Anyway, I reheated the UN-CHEESE and spooned it over the leftover roasted broccoli (also from last night), and it was heavenly. It kept well in the fridge overnight and reheated nicely. I also opened up a bag of something new and exciting to dip into the un-cheese: Beanitos! These caught my eye at Market Street yesterday and I remembered seeing them on The Fitnessista’s blog. They have five ingredients: whole black beans, whole grain rice, pure sunflower oil, bean gum, and sea salt. They’re also loaded with fiber (5 grams per serving!) and protein (4 grams). Check out the stats here! Most importantly, they tasted amazing. I almost had to take the bag away from B because he kept saying “Ok, ok… just one more. Wait, I’ll put it away after this one. Wait, JUST ONE MORE!”
Dinner was epic. Another vegan recipe winner from Emily at Daily Garnish! I made her Vegan Broccoli Pasta Salad, and B grilled some corn on the cob using this simple recipe. Both were fantastic- a really light, easy and delicious summer meal. (Emily has step-by-step pics for making the pasta salad here.)
Corn on the cob!
Pasta salad fixins’.
I spy Vegenaise!

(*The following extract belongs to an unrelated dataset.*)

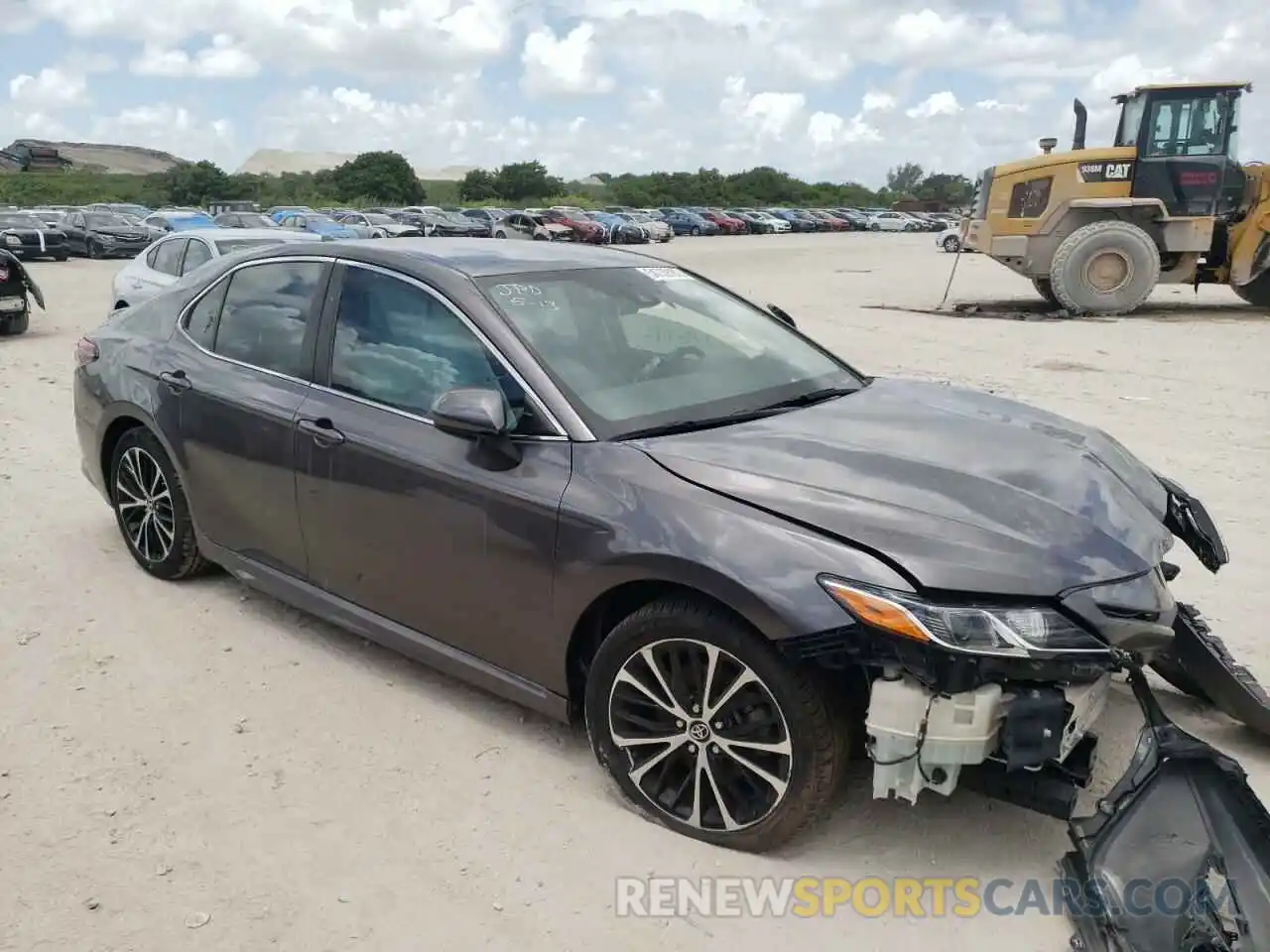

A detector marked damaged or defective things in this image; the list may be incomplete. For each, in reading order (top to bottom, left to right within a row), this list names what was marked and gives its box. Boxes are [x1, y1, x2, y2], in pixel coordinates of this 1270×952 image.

damaged toyota camry [74, 242, 1262, 948]
demolished hood [639, 377, 1175, 595]
broken headlight [818, 575, 1103, 658]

For the record, B (who is strictly a regular Hellmann’s mayo kind of guy) tried a spoonful of this stuff on its own and immediately gave it two thumbs-up. He actually liked it! I’m giving away the three canisters of regular mayo that I have in the pantry and using Vegenaise from now on. As far as I’m concerned, if it tastes like mayo, looks like mayo, and is priced similarly to mayo but is free of animal products, cholesterol-free, contains minimal amounts of saturated fat and is overall better for me, why not?
Same goes for Earth Balance buttery spread, which I used this morning on my broiled grapefruit and we slathered on our grilled corn at dinner- that stuff is awesome! No more regular butter for me. I feel really good about making these little changes to my diet- I love feeling good about what I’m eating.
Broccoli for the pasta salad (I’ve eaten a LOT of broccoli the last two days!)
Grated carrot for the pasta salad (plus some raisins and sliced almonds that you can’t see underneath)
Al dente whole-wheat fusilli
Blanching the broccoli in the same water I used to cook the pasta
The dressing for the pasta salad was ridiculous! So good- Vegenaise, rice vinegar, white wine vinegar, honey and salt.
Dinner is served.
The corn was delicious and so easy to do. The kernels were firm on the outside but tender and juicy on the inside and packed with fresh grilled flavor- I will be eating more grilled corn on the cob this summer, for sure.
The pasta salad was filling and bursting with vibrant color and fresh flavor- the whole-wheat fusilli was pleasantly chewy and hearty, the broccoli was crisp and soaked up lots of flavor from the dressing, the carrot added a nice crunch, and the raisins lent an occasional burst of welcome sweetness that complimented the tangy, creamy dressing beautifully. The only thing B said he would change about this pasta salad is to add more raisins. It was seriously good!
Tomorrow is Friday, and I’m very excited. We’re staying in tomorrow night and making Indian Food, complete with whole-wheat naan. I adore naan. I need a t-shirt that says I HEART NAAN. It’s an obsession, really.